Question

GWAS from direct samples... is imputation necessary?

1

Entering edit mode

7 months ago

sabrilo171 ▴ 20

I'm currently working in a GWAS from 334 samples that were sequenced with Illumina HumanCoreExome 12.1 Chips (2013 version) (Initial SNP count = 578000). I have already processed the IDAT files to PLINK files (PED, MAP) and performed QC using standard thresholds (MAF 0.01, Sample Call Rate 0.95, Individual Call Rate 0.98, HWE 1e-6). After that I still have the 334 individuals and 265000 remaining SNPs.

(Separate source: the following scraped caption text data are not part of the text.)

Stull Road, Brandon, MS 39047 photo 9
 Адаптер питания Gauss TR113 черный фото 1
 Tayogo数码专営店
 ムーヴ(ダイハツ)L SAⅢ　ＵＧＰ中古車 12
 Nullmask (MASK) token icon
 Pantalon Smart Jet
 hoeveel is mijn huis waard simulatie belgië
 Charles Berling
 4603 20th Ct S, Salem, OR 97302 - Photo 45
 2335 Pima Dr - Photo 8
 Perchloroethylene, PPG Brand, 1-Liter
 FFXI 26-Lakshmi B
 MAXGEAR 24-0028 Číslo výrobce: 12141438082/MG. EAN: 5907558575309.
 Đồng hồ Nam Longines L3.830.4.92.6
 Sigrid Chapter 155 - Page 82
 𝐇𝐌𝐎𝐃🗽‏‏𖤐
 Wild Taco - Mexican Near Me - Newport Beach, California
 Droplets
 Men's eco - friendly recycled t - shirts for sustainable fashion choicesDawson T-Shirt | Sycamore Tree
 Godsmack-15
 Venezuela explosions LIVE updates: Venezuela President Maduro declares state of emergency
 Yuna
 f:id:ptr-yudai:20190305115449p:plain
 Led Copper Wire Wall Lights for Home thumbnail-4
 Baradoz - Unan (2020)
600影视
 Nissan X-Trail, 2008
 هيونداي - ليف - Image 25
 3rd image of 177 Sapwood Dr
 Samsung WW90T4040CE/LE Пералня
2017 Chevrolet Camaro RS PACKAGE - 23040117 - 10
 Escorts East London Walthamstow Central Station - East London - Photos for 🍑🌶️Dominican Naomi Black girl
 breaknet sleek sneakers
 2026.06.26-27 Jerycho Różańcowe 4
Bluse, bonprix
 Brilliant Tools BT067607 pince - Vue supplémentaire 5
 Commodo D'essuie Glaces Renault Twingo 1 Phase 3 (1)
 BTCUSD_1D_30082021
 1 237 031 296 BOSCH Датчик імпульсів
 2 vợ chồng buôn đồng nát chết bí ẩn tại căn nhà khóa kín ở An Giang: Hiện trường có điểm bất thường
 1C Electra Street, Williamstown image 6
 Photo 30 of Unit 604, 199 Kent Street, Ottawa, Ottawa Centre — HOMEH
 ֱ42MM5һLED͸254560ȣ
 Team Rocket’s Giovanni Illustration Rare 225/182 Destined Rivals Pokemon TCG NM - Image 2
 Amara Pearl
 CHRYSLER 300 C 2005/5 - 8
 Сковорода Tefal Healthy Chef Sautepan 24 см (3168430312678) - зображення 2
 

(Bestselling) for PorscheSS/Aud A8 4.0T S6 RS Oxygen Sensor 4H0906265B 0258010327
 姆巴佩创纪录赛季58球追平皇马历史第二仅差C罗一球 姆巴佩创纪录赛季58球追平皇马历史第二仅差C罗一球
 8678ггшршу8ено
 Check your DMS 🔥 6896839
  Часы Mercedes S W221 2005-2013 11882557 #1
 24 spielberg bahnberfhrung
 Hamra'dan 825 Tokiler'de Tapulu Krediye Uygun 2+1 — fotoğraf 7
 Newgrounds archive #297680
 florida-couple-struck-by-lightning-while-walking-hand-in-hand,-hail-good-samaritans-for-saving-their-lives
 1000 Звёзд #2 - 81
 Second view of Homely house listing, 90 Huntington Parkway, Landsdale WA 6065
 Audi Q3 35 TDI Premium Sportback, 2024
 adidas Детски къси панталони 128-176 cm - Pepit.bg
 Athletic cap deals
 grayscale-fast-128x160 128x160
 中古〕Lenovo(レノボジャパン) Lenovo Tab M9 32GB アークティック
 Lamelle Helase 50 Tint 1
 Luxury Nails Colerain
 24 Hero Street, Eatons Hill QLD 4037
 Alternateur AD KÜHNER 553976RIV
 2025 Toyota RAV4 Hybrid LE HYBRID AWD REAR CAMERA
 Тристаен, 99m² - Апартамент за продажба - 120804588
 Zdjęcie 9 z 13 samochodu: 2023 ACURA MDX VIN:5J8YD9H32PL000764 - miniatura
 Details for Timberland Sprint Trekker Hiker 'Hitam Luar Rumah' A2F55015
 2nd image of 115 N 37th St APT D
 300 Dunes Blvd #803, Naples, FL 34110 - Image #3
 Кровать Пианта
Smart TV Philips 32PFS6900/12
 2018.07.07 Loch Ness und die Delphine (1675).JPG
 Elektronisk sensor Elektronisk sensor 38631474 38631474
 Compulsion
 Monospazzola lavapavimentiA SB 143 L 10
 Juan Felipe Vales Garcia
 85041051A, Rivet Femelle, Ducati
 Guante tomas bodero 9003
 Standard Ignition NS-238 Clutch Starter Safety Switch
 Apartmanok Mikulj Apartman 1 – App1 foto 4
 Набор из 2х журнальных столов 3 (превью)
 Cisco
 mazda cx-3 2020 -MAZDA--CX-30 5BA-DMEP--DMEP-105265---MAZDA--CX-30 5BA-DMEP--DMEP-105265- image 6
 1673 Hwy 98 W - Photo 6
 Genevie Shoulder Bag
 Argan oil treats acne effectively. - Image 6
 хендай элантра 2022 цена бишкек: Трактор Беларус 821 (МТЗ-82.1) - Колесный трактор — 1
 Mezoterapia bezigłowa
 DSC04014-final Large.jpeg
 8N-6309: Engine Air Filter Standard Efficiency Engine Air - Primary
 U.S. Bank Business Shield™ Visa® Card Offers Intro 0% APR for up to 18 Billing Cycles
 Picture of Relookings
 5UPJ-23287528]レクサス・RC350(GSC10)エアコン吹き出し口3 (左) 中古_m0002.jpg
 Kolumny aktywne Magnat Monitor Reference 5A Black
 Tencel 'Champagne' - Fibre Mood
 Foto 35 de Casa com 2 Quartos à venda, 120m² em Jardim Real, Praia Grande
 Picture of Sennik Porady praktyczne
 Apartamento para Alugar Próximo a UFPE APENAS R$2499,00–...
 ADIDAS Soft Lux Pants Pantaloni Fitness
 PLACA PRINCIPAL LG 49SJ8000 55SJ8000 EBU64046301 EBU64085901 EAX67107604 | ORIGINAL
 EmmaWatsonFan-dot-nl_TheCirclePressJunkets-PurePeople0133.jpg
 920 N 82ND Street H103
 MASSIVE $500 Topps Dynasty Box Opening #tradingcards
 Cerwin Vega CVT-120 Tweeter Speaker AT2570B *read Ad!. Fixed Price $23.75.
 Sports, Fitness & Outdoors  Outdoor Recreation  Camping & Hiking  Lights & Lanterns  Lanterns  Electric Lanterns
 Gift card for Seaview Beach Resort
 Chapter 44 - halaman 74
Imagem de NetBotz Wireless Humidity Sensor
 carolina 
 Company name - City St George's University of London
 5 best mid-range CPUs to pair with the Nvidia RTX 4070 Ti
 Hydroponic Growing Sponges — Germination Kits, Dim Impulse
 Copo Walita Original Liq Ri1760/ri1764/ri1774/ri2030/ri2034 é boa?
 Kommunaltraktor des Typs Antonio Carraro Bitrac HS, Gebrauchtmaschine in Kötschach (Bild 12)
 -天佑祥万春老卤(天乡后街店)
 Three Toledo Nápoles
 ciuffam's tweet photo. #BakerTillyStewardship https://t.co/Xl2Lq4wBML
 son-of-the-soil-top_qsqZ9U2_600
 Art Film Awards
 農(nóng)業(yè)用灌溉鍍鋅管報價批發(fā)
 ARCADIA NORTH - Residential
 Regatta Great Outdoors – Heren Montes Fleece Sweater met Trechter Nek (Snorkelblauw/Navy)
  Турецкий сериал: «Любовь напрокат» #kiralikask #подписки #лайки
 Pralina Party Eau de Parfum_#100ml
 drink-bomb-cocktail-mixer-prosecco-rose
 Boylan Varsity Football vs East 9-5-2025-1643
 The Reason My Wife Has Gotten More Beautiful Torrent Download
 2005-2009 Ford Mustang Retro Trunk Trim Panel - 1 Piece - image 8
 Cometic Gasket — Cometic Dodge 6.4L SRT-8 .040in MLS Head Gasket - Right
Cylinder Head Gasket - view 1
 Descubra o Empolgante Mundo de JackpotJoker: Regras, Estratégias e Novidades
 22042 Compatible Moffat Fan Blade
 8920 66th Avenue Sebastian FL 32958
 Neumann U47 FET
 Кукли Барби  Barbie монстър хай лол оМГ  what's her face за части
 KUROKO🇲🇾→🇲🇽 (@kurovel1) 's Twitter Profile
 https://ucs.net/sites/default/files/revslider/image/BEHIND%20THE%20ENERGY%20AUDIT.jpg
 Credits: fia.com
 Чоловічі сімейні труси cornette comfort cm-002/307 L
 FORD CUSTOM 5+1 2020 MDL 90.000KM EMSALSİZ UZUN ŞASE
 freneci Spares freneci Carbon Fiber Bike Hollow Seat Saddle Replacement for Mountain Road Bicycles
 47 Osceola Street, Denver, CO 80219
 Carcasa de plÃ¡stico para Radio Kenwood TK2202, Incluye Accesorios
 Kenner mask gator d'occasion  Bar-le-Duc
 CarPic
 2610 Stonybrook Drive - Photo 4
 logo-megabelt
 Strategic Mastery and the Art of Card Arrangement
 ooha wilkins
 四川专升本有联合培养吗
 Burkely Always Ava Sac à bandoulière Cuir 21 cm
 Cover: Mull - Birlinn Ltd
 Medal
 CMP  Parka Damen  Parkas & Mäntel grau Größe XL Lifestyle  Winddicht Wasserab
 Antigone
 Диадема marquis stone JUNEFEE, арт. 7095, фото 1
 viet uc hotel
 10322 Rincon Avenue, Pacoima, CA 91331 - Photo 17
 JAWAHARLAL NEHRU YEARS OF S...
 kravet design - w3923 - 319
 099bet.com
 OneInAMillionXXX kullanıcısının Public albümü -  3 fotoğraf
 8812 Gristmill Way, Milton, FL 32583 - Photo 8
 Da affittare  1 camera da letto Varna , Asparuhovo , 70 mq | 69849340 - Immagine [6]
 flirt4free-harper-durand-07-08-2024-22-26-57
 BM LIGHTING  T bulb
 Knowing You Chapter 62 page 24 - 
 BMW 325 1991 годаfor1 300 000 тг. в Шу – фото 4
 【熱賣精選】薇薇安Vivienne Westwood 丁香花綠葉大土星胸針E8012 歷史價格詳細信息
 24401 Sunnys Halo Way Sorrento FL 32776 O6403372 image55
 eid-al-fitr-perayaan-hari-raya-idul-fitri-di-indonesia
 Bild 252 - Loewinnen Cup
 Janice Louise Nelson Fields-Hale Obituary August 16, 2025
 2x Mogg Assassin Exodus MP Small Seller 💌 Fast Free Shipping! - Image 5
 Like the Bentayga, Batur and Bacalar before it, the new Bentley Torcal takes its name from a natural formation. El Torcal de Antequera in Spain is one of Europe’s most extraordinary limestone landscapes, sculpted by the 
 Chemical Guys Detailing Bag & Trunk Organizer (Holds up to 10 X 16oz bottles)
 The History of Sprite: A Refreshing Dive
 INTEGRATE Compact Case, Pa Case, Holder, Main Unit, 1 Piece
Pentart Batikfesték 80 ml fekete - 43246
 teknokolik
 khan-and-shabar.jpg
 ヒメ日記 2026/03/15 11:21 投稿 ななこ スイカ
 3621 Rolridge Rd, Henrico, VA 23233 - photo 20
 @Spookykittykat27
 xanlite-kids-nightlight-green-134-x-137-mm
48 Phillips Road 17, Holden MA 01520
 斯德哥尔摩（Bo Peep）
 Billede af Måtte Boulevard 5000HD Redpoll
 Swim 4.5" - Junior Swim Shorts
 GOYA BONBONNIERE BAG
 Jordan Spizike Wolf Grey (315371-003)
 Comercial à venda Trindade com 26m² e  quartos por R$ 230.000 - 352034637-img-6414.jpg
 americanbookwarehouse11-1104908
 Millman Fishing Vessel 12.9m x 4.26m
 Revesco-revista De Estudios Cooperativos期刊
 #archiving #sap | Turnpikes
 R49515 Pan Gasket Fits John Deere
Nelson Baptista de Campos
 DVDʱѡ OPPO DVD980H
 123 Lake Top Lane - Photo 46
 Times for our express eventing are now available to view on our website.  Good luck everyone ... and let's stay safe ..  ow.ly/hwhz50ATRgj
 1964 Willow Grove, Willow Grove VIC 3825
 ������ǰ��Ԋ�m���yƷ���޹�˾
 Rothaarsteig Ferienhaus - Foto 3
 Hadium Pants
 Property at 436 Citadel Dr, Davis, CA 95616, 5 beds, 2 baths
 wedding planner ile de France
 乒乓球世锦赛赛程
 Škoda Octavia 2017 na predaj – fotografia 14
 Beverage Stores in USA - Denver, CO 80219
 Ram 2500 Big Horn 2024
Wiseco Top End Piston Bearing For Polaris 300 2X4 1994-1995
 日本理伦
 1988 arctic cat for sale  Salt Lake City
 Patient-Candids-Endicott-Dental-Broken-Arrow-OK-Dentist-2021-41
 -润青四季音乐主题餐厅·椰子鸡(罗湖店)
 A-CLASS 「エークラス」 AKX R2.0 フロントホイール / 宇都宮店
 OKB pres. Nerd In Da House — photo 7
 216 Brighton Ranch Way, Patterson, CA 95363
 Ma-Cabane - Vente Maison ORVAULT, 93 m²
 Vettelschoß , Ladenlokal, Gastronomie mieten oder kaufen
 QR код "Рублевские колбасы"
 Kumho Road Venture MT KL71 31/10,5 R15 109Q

I was able to run them in GEMMA without imputating and achieved some results. They are above the basic statistical significance line, but not over the Bonferroni correction line in the Manhattan Plot.

This made me wonder, are my results valid if I didn't imputate them? Does not imputating hinder my chances to be published?

If it turns out it is necessary, what is the simplest way to do so with the tools I have: IDAT files, PED + MAP file, binary PLINK files, VCF file (PLINK generated). Unix/Ubuntu + Conda (from WSL), RStudio. I could download the reference GRCh37 file related to the Chips used to create the IDAT files. The reason I didn't impute on the first place was because I tried to use the PLINK generated VCF file in the BEAGLE javascript, and, after processing, BEAGLE returned an empty VCF file with the Sample_IDs as column names, and no SNP information.

Thank you in advance

imputation PLINK GWAS • 637 views

ADD COMMENT • link updated 7 months ago by LChart 5.0k • written 7 months ago by sabrilo171 ▴ 20

score 2 · Accepted Answer · 2024-11-03

Imputing is generally necessary since these older arrays will largely contain tagging SNPs but not lead SNPs. The genotype miscall rate is also not quite as good as sequencing, and imputation does help to fix bad genotype calls; it will also improve your call rates.

Easiest way is the Michigan Imputation Server. Follow the tutorial.